In Bethlehem ontmoeten twee soorten mensen elkaar die niet langer vreemden voor elkaar blijven. Zo maakt de heler van intermenselijke verhoudingen duidelijk dat Israël niet goed functioneert, indien het andere volken, zoals de Palestijnen, ontloopt in plaats van hen te ontmoeten. In een ontmoeting moet er niets. Een ontmoeting is, als het goed is, namelijk een open ontmoeting. Jezus heeft steeds opnieuw zulke spontane ontmoetingen. Uitgerekend wie iemand ontloopt moet een heleboel, moet krampachtig van alles en nog wat voorkomen. Jezus doet daar niet aan mee, maar verbindt mensen juist met elkaar, gunt mensen de kans om aan elkaar zoveel te meer te beleven.
In Bethlehem ontmoeten arme en rijke mensen elkaar. Hoe vaak overkomt ONS dat, dat wij een mens die ons in wezen vreemd is ontmoeten? In hoeverre speelt de ander ontlopen, gebrek aan ontvankelijkheid, daarbij een rol?

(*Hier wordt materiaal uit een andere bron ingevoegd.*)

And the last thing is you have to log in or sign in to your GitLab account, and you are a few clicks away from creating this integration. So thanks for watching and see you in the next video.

De ster der verlossing, de ware Israëliet, de Messias die mensen recht doet, gelooft niet in astrologie, maar wel in naastenliefde. Daarom staat Hij open voor iedereen, op de eerste plaats voor arme en zieke medemensen. Pas NA de herders komen de rijke wijzen; niet toevallig in DEZE volgorde: de belangrijksten, de mensen die Jezus het hardst nodig hebben, voorop; laatsten worden zodoende, dankzij Jezus, eersten. De ster der verlossing brengt licht in het bestaan van mensen, net als bij de schepping, door het lijden van mensen te verlichten.

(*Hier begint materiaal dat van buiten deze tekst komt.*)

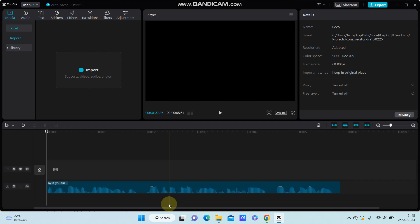In this video, I'm going to show you how you can generate auto captions in CapCut PC.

Wat zouden WIJ zijn zonder het Licht der wereld? Stuurloos, soms zelfs radeloos rondtastend in het duister. Zouden wij zo’n uitgebreide medische zorg hebben gekend zonder Jezus als bron van inspiratie? Zouden wij zo’n uitgebreide armenzorg hebben gekend zonder Jezus als bron van inspiratie? Wie de zorg voor arme medemensen beperkt, heeft, niet toevallig, ook geen oog voor de waarden van het christendom. Zulke mensen zijn ziende blind en horende doof, weten niet wat er leeft in de samenleving, hoe groot de nood in ons zogenaamde welvarende Nederland is, nu miljoenen mensen in ons land niet rond kunnen komen.
Kerst is daarom niet het feest van rijke maaltijden, maar het feest van intense ontmoetingen, die het leven van mensen een andere wending geven. Kerst is het feest waarop de hemelse gerechtigheid probeert door te dringen in onze weerbarstige, harde, aardse werkelijkheid. Het Kerstkind wil niet alleen herders en wijzen ontmoeten, maar wil ook ONS ontmoeten, ons ver-ander-en. Het Christuskind kijkt ons bij elke ontmoeting recht in de ogen en stelt ons op allerlei manieren maar één vraag: bent U een MEDEMENS voor anderen? En hebt U in die ander Christus herkend? Amen.